> _How to complete this task_:
Repeat the records in full, exactly.

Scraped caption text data
⟨

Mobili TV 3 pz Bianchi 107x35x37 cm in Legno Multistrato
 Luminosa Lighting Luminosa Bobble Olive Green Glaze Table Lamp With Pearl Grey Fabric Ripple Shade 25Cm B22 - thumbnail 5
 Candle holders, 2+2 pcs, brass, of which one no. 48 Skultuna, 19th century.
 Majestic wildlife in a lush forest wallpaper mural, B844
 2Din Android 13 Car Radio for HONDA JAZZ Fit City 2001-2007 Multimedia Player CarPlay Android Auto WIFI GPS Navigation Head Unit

⟩

> _Task answer_:
Mobili TV 3 pz Bianchi 107x35x37 cm in Legno Multistrato
 Luminosa Lighting Luminosa Bobble Olive Green Glaze Table Lamp With Pearl Grey Fabric Ripple Shade 25Cm B22 - thumbnail 5
 Candle holders, 2+2 pcs, brass, of which one no. 48 Skultuna, 19th century.
 Majestic wildlife in a lush forest wallpaper mural, B844
 2Din Android 13 Car Radio for HONDA JAZZ Fit City 2001-2007 Multimedia Player CarPlay Android Auto WIFI GPS Navigation Head Unit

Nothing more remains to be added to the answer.